The unemployment rate is stuck at 10 percent. If calculations include Americans who aren't in the labor force because they stopped looking for work or were forced to take part-time jobs, the unemployment rate has been above 17 percent since September. The Obama administration promised that the incredibly costly stimulus package would keep unemployment down to 8.1 percent, but the result of so much spending has been more job losses - and Americans are angry.
Mr. Obama used the State of the Union to push a second stimulus package. But with massive deficits mounting and stimulus cash going to everything from unknown ZIP codes to $1.57 million to search for fossils in Argentina, it's painfully obvious that a second stimulus would simply throw more money down the drain. Contrary to Mr. Obama's bizarre assertion that all economists support his orgiastic spending, basic economic data suggest the stimulus actually increased unemployment and delayed recovery.

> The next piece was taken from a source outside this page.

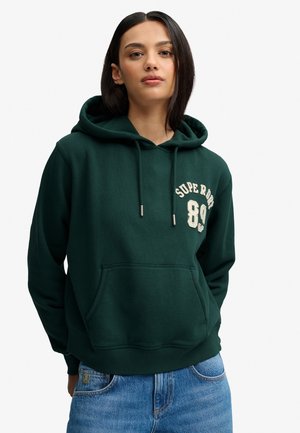 Młoda kobieta o prostych ciemnych włosach, ubrana w ciemnozieloną bluzę z kapturem z napisem "SUPERDRY 89" i niebieskie jeansy na jednolitym tle.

The president claimed the first stimulus package already "created or saved" more than half of the 3.5 million jobs it was vowed to rescue. But it's hard to see where those jobs are when examining the numbers in the Department of Labor's household survey, which is used to measure the official unemployment rate. The number of people with a job fell by 589,000 in December. On top of that job loss, the number of people no longer in the labor force grew by an astounding 843,000 from November to December.

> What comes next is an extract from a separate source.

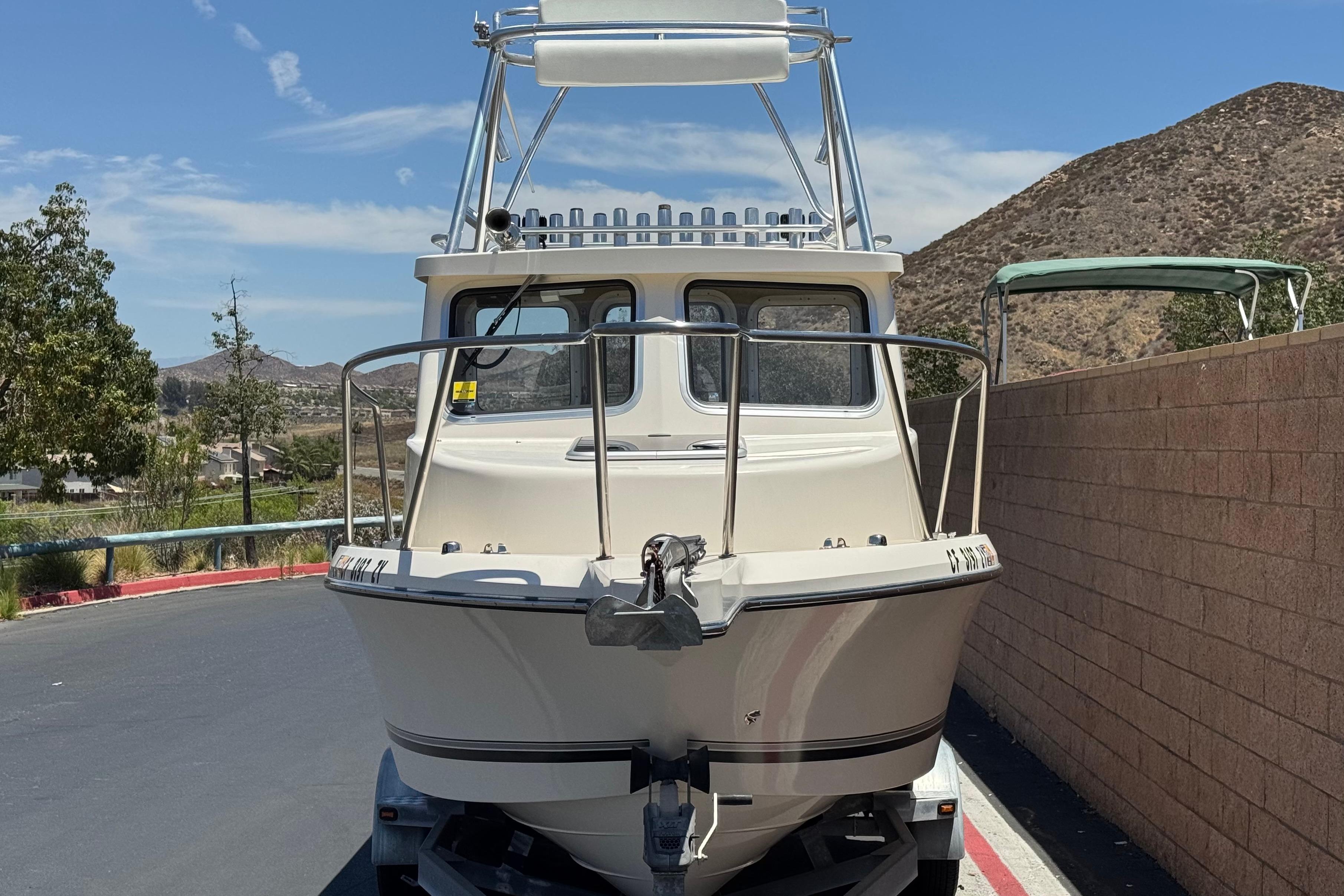 2017 Defiance Admiral 220 EX boat on trailer, parked near a brick wall.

Since February, when the stimulus package was passed, the number of people not in the labor force has grown by 3.2 million. The number for December represents 26 percent of the entire increase. This is important because these millions of people are not included in the official unemployment rate. The crisis of unemployed Americans getting discouraged and giving up looking for work is ballooning. Of course, they have good reasons to be discouraged. Since February, the total number of jobs has fallen by 4 million.

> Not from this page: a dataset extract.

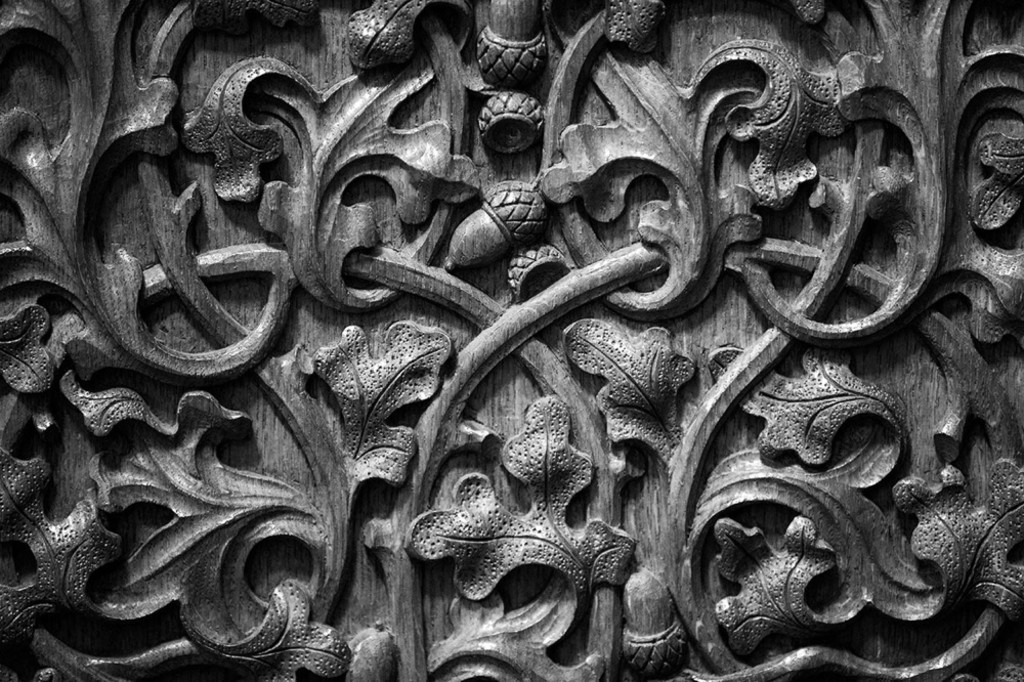 Black and white close-up photo of oak leaf and acorn shaped carvings into a wooden panel.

The simplest way to measure whether Mr. Obama's policies have helped the labor market is to look at the change in the number of people unemployed and the change in those who have left the labor force. Obama economic mismanagement has created a disaster, with those losing their jobs and those no longer looking going up in a virtually straight line last year. (See the chart below.) In the opposite scenario, during a period of economic expansion when the number of unemployed would fall and more people would enter the labor force, there would be a downward sloping line. But as this figure indicates, any slower increase in the number of new people being unemployed is completely offset by the increasing speed that people are completely leaving the labor force.
The growth in the U.S. unemployment rate continues to outpace the rest of the world. Since February, the average unemployment rate for the European Union has grown by 1.2 percentage points. By contrast, the U.S. unemployment rate has grown by 1.9 percentage points - a 58 percent greater increase. Nor does the rate look particularly strong compared with what economists were predicting at the beginning of last year. Back in mid-January 2009, business economists and forecasters surveyed by the Wall Street Journal expected the December unemployment rate to be at 8.6 percent.